The present study was carried out in accordance with the current Helsinki Convention of the World Medical Association. Aproval of all of the patients was obtained to use their medical records in retrospective file scanning. Our study population is composed of patients who are referred with suspicion of CTS. A total of 1150 patients were evaluated. Four hundred and fifty female patients ( 150 primara, 150 multipara and 150 grand multipara women ) referred to the electrophsiology laboratory with clinical suspicion CTS were included into the descriptive and retrospective study between November 2016 and June 2018. Demographic data included age, BMI and delvery number of the participants ( Table 1 ). Also BMI was calculated for each patient and it compared among groups. Primiparity, multiparity and grand multiparity were defined as women having 1, 2 – 5 and 6 - 9 deliveries, respectively. Patients who passed 2 years after their last birth were included in the study. EMG results were obtained from the computer records and the electrophysiological reports on the CD of the participants evaluated by the researcher.

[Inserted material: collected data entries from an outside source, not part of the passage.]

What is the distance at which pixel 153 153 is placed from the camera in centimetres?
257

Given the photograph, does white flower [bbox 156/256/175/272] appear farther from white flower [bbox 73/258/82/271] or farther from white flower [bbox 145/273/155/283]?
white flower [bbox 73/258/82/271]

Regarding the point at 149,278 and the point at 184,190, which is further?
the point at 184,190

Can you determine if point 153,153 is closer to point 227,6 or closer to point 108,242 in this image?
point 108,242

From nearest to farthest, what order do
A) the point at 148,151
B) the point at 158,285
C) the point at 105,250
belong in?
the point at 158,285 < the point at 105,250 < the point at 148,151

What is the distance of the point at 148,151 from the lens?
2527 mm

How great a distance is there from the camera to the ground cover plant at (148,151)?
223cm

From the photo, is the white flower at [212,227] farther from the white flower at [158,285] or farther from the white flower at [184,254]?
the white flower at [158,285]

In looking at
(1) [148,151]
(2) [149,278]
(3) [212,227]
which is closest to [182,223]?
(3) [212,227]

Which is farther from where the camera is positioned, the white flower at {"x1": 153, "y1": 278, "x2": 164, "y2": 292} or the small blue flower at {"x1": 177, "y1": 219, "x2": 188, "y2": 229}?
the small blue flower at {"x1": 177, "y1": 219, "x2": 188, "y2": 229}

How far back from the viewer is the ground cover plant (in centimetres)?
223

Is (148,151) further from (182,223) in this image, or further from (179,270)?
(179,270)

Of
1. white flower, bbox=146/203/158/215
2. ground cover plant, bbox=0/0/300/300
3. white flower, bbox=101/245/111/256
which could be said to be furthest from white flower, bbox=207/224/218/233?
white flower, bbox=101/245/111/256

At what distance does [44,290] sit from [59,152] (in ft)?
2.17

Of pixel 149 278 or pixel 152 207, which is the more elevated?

Exclusion criteria in this study are cervical radiculopathy or plexopathy, hypertension, dyslipidemia, chronic renal failure, gout, wrist fracture, malignancy, patients receiving chemotherapy and or radiotherapy, those with clinical and electrophysiological polyneuropathy, those with rheumatologic and thyroid diseases, pregnant women, and those with severe upper extremity trauma history and or any other disease resulting in CTS. All of the patients were assessed and compared in terms of electrophysiological CTS presence and degree of CTS.

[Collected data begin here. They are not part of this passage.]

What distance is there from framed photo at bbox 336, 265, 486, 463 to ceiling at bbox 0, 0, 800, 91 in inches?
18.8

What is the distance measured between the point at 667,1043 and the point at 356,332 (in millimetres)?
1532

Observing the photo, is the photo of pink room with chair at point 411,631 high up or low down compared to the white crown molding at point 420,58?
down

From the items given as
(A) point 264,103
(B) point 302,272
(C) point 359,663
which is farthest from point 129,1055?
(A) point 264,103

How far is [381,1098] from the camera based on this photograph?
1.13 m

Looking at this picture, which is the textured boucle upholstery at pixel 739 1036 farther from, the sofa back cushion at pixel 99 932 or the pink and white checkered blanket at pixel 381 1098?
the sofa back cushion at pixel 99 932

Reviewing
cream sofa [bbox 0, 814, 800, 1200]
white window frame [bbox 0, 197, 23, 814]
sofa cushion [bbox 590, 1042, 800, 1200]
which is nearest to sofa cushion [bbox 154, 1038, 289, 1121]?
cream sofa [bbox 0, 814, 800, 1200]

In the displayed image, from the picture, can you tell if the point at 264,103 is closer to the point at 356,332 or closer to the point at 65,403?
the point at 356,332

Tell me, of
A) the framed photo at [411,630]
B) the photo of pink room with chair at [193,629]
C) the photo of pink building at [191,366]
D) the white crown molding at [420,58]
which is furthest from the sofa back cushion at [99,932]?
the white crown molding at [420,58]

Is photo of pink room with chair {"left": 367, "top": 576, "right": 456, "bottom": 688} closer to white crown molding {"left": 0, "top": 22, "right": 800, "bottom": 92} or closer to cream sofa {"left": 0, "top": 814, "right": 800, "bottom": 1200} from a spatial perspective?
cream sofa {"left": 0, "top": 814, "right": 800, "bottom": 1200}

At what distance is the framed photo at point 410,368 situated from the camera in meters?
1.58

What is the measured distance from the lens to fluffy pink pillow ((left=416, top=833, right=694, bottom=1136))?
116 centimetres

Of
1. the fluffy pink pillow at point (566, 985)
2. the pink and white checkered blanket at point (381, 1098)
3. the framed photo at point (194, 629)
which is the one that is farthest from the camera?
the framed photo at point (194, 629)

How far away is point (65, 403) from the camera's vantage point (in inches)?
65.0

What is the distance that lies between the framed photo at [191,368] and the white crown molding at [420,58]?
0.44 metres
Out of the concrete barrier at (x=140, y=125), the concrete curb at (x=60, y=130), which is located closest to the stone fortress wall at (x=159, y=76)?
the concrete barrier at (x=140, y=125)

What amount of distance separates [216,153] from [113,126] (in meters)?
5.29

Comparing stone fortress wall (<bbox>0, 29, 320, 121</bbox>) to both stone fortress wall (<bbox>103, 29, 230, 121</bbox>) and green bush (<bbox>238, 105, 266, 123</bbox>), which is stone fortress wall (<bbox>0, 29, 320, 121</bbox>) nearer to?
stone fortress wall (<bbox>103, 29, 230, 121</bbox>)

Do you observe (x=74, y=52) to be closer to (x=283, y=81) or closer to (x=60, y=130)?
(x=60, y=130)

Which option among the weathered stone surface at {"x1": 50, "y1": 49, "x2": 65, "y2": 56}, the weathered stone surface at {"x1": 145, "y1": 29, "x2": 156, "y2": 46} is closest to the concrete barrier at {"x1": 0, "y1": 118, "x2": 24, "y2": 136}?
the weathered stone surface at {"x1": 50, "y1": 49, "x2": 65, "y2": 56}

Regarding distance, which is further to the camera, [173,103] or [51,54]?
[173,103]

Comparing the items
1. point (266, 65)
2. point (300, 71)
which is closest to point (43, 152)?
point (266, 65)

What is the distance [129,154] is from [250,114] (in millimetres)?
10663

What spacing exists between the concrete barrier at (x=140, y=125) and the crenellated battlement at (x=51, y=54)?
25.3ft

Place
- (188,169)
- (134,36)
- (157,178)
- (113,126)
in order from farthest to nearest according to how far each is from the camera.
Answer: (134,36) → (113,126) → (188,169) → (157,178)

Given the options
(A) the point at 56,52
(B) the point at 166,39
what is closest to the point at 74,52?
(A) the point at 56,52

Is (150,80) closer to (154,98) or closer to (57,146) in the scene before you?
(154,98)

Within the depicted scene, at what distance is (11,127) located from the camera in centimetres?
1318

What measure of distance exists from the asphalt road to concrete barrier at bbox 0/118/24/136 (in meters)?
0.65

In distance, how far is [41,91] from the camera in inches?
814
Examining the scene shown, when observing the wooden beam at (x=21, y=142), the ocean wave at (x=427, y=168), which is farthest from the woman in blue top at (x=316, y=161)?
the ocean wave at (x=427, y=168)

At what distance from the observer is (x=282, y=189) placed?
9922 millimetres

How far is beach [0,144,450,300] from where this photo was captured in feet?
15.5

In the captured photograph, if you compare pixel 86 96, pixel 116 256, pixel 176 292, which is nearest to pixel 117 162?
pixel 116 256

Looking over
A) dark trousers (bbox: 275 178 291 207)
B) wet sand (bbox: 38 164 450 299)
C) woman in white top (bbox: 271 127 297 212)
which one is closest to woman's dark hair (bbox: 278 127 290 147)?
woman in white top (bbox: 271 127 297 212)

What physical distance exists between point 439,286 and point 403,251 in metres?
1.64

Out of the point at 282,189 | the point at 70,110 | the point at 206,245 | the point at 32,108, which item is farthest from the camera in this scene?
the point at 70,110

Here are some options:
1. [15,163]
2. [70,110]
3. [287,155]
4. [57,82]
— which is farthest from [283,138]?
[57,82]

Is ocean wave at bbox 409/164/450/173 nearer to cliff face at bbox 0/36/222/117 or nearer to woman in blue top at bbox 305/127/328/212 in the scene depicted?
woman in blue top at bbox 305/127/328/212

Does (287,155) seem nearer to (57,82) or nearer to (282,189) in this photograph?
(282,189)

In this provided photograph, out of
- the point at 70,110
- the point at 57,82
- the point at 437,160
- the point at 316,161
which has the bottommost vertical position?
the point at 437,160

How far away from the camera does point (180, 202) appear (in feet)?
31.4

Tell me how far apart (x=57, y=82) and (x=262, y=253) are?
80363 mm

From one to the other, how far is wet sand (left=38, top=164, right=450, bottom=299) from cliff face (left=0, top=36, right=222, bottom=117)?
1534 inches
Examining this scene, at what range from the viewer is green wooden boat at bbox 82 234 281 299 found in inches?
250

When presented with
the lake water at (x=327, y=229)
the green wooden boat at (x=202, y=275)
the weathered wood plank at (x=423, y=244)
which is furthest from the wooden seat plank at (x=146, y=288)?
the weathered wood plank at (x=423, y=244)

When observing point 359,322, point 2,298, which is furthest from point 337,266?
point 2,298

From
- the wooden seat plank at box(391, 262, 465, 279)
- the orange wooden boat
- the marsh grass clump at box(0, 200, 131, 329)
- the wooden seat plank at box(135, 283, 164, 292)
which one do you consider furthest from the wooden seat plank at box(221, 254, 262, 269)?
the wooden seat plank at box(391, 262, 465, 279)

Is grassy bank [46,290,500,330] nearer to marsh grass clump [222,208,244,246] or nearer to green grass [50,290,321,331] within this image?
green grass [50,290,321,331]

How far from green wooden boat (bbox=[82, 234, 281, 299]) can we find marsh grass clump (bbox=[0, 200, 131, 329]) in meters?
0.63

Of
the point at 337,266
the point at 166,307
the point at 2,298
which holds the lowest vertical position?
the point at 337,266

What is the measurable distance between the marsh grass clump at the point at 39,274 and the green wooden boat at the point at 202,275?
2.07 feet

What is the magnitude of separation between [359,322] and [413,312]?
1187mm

The Electrodiagnostic test ( EDT ) studies
Electrophysiological evaluation was done with Nihon Cohden (Tokyo, Japan) electromyograph (EMG). Both patient’s and room temperature were monitored so as not to affect the recording procedures, and the patient’s skin was cleaned with alcohol 70 % to decrease its resistance. The study was carried out with surface electrodes, using standard nerve conduction techniques in accordance with the protocol proposed by the American Electrodiagnostic Medicine Association (9). Patients of whom the both upper extremities were examined included in the study, median and ulnar nerve conduction in one extremity was performed, while only median nerve conduction study in the other extremity was performed. The median motor nerve conduction was recorded using standard techniques through ulation of the surface of the abductor pollicis brevis muscle located in the center of the muscle and wrist and antecubital fossa. For median nerve (8 cm) stimulation the upper limit of the motor distal latency was 4 ms and the lower of the transmission rate was 50 m/sec. The sensory neurotransmission study was performed on the second finger and the mixed nerve conduction study was performed from the palm of the hand, recorded orthodromatically from the wrist. The distance between the recording and the stimulator was 12-14 cm, the upper limit of sensory neural action potential (DSAP) peak latency difference was 0.5 ms, and the median sensory nerve conduction velocity at the wrist level was 50 m/sec. In order to exclude cervical radiculopathy, upper extremity needle ENMG studies were conducted when needed. Patients were divided into three groups by electrophysiological evaluation as described in the literatüre ( 10, 11 ). CTS severities in primipara, multipara and grand multipara women were given in Table 2. ( Table 2 ).
Statistical analyses
Statistical analyses were be performed using SPSS 20.0 (Statistical Package for Social Sciences version 20, IBM, Chicago, Illinois, USA). Data were be presented as mean scores ± SD for categorical data. The variables age, parity and BMI were used in all the patients. Chi - square test, Kruskal-Wallis H test and Mann-Whitney U test was used for statistical analysis. Significance level was accepted as p ≤ 0.05.